Member of the Osun State House of Assembly from Ife-North Local Government
- Constituency: Ife-North

Personal details
- Born: 27 February 1983 (age 43) Ipetumodu,Ife-North Local Government Osun State Nigeria
- Party: People's Democratic Party
- Alma mater: Lead City University;
- Occupation: Politician; Entrepreneur;

= Akinyode Abidemi Oyewusi =

Nigerian politician (born 1983)

Akinyode Abidemi Oyewusi is a Nigerian politician representing the Ife-North constituency, local government area in the Osun State House of Assembly and the Deputy Speaker of Osun State House of Assembly.
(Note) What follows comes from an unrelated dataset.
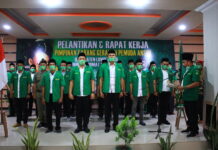 Jayadi Nas Ajak Pengurus GP Ansor Ikut Menjaga Pilkada Tetap Aman dan Damai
== Early life and education ==
Akinyode was born on 27 February 1983, in Ipetumodu, Ife-North constituency, Osun State, Nigeria. Akinyode completed his primary and secondary education in Ibadan, Oyo State, where he earned his First School Leaving Certificate and Senior Secondary School Certificate. He then pursued a bachelor's degree in Political Science and International Relations at Lead City University in Ibadan..

== Career ==
Akinyode is an entrepreneur and founder of Raregeode Company Limited and Acumen Forte Limited, a construction company. Before joining politics, he was elected as the Deputy Speaker of the 8th Osun State House of Assembly, where he represented Ife-North constituency under the People's Democratic Party (PDP) platform.